Jerzy S. Majewski writes: ‘The Kingdom of Poland purchased a palace on Krakowskie Przedmieście from the Radziwiłł family in 1818 with a view to installing there General Józef Zajączek, the Viceroy [hence the name Viceroy’s Palace] of the Kingdom. Senator Nikolay Novosiltsov, the Plenipotentiary Commissar of Tsar Alexander I at the Council of State of the Kingdom, was engaged to negotiate the sale’. At the time, Novosiltsov was one of three guardians of the minor princess Stefania Radziwiłł. It can be assumed that he brought particular pressure to bear in advocating the sale of the palace and that he was not acting selflessly in doing so. Piotr Aigner was entrusted with rebuilding the original Baroque edifice, and it is him we can thank for this imposing and ostentatious work of architecture, with its many classical features, pillars and half-columns, and its attic adorned with ten statues. Purchasing and rebuilding the palace cost more than 3.5 million zloty – an exorbitant sum at the time.
The residents of Warsaw looked askance at this outlay and the extravagant lifestyle of the new viceroy’s wife, who was celebrated for her beauty. “General Zajączek, the recently appointed Viceroy of the Kingdom, was greeted with scepticism’, Karolina Beylin claimed in Opowieści warszawskie [Warsaw tales]. “The little Warsaw street urchins, who tramped barefoot past the Krakowskie Przedmieście townhouses, would run outside Radziwiłł Palace, now beautifully rebuilt by Aigner and renamed the Viceroy’s Palace, singing a derisive song composed by a spiteful Warsaw:
Everyone who hears it wonders,
That hills that bred mice
For thousands of years
Now give us hares. [a pun on the name ‘Zajączek’ (Polish: little hare)]
Neither did the extravagant luxuries his wife allowed herself do anything to raise confidence in the Viceroy. […] In those days of widespread poverty, prodigious sums were spent on refined luxuries for the viceroy’s palace. For example, lingerie was sent to Paris by post-chaise to be washed, and extremely expensive bronze was brought in from abroad for the palace windows”.
The viceroy’s wife might have been controversial, but she definitely had her pluses. At the very least, her exceptional beauty is worth mentioning. This led to her being deemed a beautiful woman whose age was hard to guess, even as she advanced in years. The music critic and writer Ferdynand Hoesick assures us in his Warszawa. Luźne kartki z przeszłości syreniego rodu [Warsaw: loose leaves from the past of the mermaid city]: ‘She was an enthusiastic admirer of Chopin’s talent’. Hoesick goes on to stress: ‘She might have been fickle, but Mrs Zajączek had plenty of dignity and character. […] She not only inspired consideration and respect, but she still knew how to arouse love in her final years. She was never short of admirers. There is no chance that Chopin fell for the viceroy’s wife when he came to functions at the Zajączeks, but he tried to play as beautifully as he could whenever he played before her and her aged spouse.
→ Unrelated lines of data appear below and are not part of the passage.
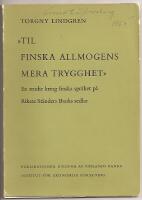 "Til finska allmogens mera trygghet" - en studie kring finska spr&aring;ket p&aring; rikets st&auml;nders banks sedlar 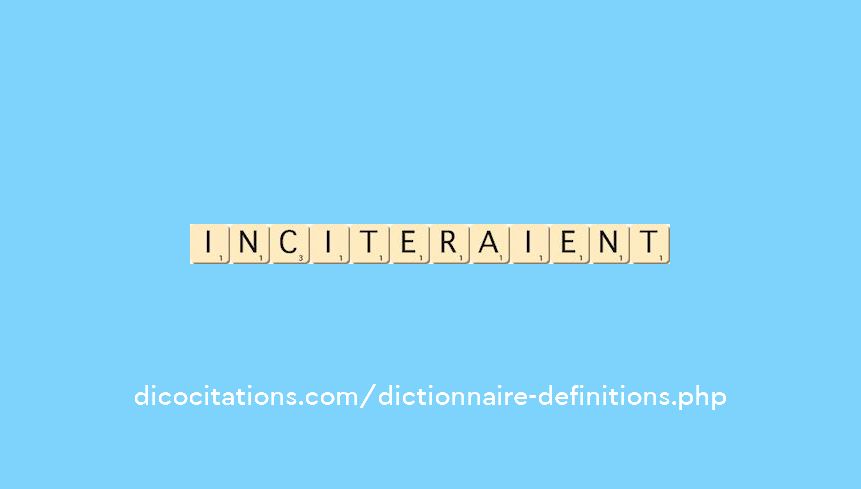inciteraient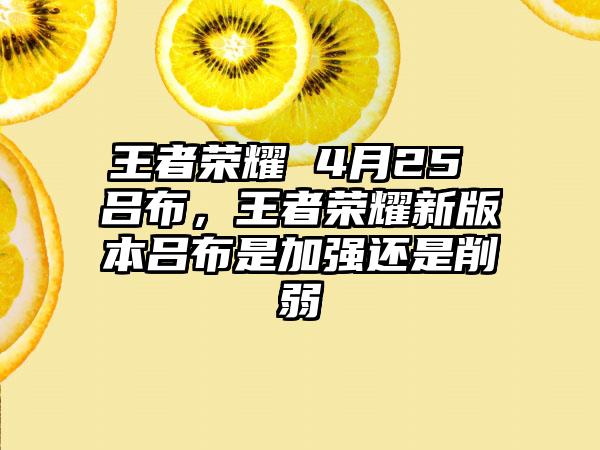 王者荣耀 4月25 吕布，王者荣耀新版本吕布是加强还是削弱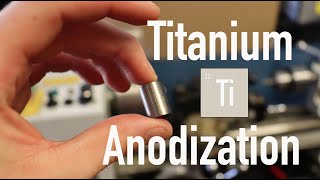 Titanium Anodization  How To Do It [upl. by Lorac]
This followed from the very nature of the situation. One way or another, for a young person like Fryderyk, the son of a school teacher, being at the residence of the viceroy, the most important person in the country after Grand Duke Constantine, was an extraordinary honour’.
Before the young Chopin could even be presented to the viceroy and his wife, however, he had appeared at Radziwiłł Palace on 24 February 1818, so not long before the grand rebuilding described here. The then owner of the palace, Prince Karol “Panie Kochanku” Radziwiłł, had leased the building to Franciszek Ryx, who organised his ‘French’ theatre there.
It was at that French Theatre that Fryderyk Chopin made his first public appearance as a young boy in a concert organised by the Warsaw Charitable Society, run by Julian Ursyn Niemcewicz. As the event was publicly announced in a supplement to the ‘Gazeta Korespondenta Warszawskiego i Zagranicznego’ [Gazette of the Warsaw and foreign correspondent] on 21 February 1818, we know that Ms Vicini and Piotr Kaczyński played violin, Piotr’s brother Józef cello and Karol Arnold piano, and Jacques Brice and Louis Feuillide sang. Chopin’s performance of a piano concerto by Bohemian composer Vojtěch Jírovec (also known by his German name of Adalbert Gyrowetz) was greeted with thunderous applause. He must have gone home quite excited. He apparently thought that it was his new lacy collar that had aroused the admiration of the audience.